June 21, 2003
Catching Up Pt. 2

You knew that wasn't two full months worth of comp.lang.lisp posts, right?

Nikodemus Siivola (again) pointed to a lisp-informed article on kuro5hin about C++ templates.

I never heard of Bookfix, but Edi Weitz noticed they're publishing David Lamkins' book, Successful Lisp. (In the pipeline there's also Peter Seibel's book, with the working title Practical Common Lisp. And maybe more.)

Gilbert Baumann made the first usenet posting ever from a McCLIM-using app. “I use a news reader called 'Hermes' which was appearently written by Peter Clitherow in the years 1988 til 1992 supposed to run under CLIM-1 and Genera.”

screenshot of hermes usenet client

Bill Clementson posted a summary of the 3rd Denver area lisp users group meeting:

We saw demos of a number of different simulations that they had created with the tool including a mud-slide simulation, a soccer simulation (potential RoboCup entry??), a bridge stress test simulation, a game of life simulation, a pac man simulation and a virus simulation. In addition, they gave us an early peek at an upcoming 3d OpenGL version of the product (written using the latest version of MCL for OSX). The 3d simulations included a bus tracking application that is being done for Boulder's RTD service (with PDA's providing information on bus locations to commuters and the server display overlaying 3d buses on a map of Boulder) and a distributed human being simulation (with PDA's controlling different characteristics of a human's anatomy) - this one was a lot of fun!

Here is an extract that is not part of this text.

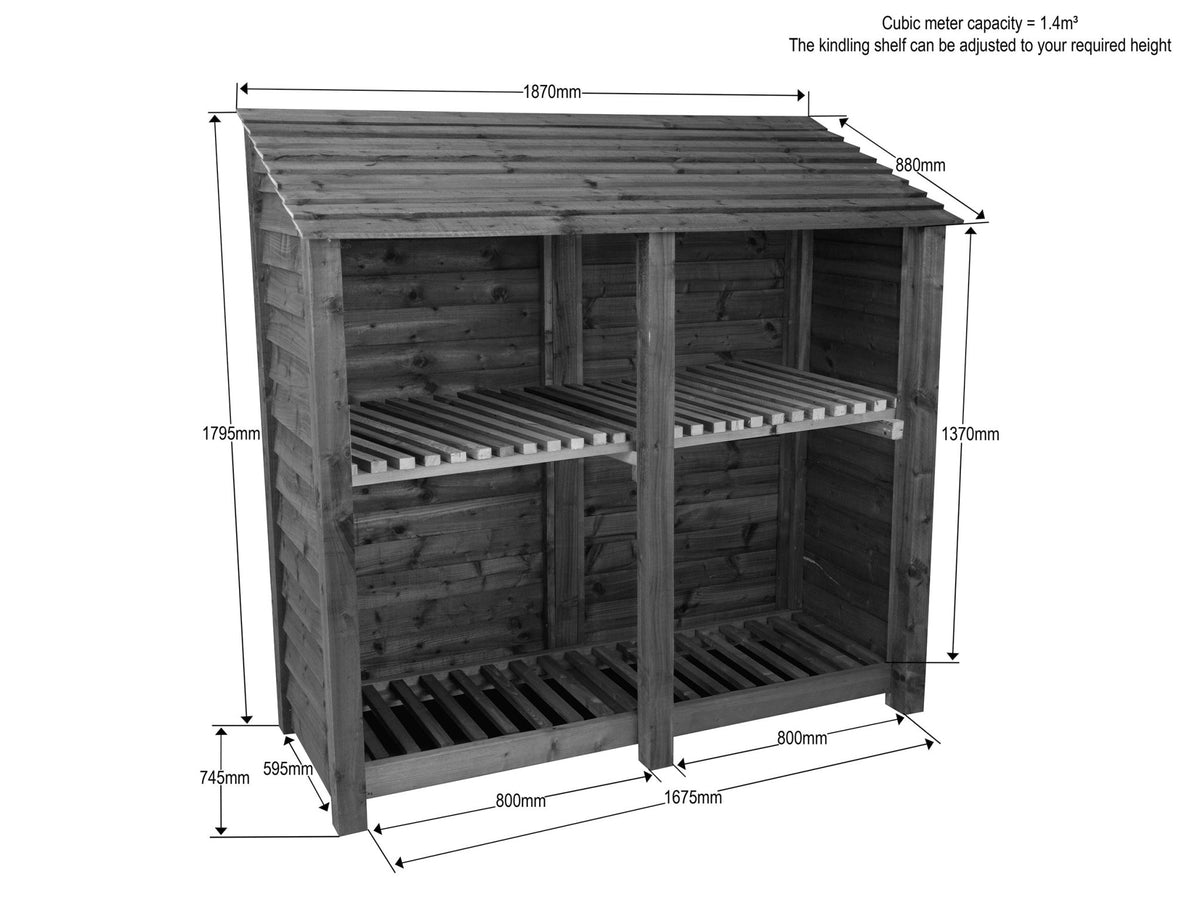 Wooden Log Store with Shelf W-187cm, H-126cm or 180cm, D-88cm - SGP Garden Ltd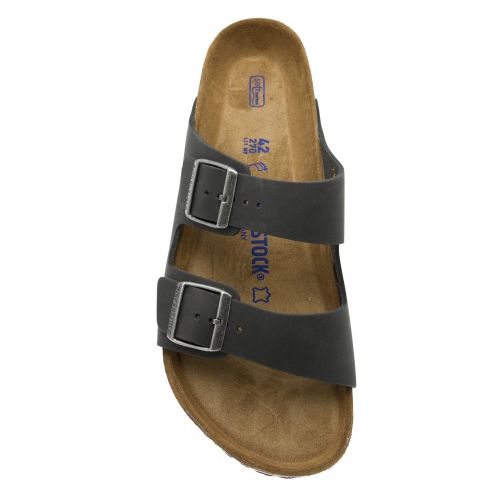Mens Black Oiled Leather Arizona Slide Sandals 41622 by Birkenstock from Hurleys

(Greg Menke reported from Washington DC, and Peter Seibel from the Bay area.)

Miles Egan announced his pure-lisp xml parser, Xmls 0.1:

Xmls is a small, simple, non-validating xml parser for Common Lisp. It's designed to be a self-contained, easily embedded parser that recognizes a useful subset of the XML spec. It provides a simple mapping from xml to lisp s-expressions and back.

Nick Levine announced the International Lisp Conference 2003 programming contest. “Prizes may be awarded in the following categories: ... best use of really obscure lisp features”. You have until September 27.

Alain Picard made available [post unavailable via google for some reason] a lisp interface to SQLite. “This code was written and tested on LW4.3 beta on Mac OS X 10.2, with SQLite 2.8.0.”

Posted by jjwiseman at June 21, 2003 03:47 PM
Comments

And of course the obligatory "can someone write an open source lisp os for me please?" thread resurfaced.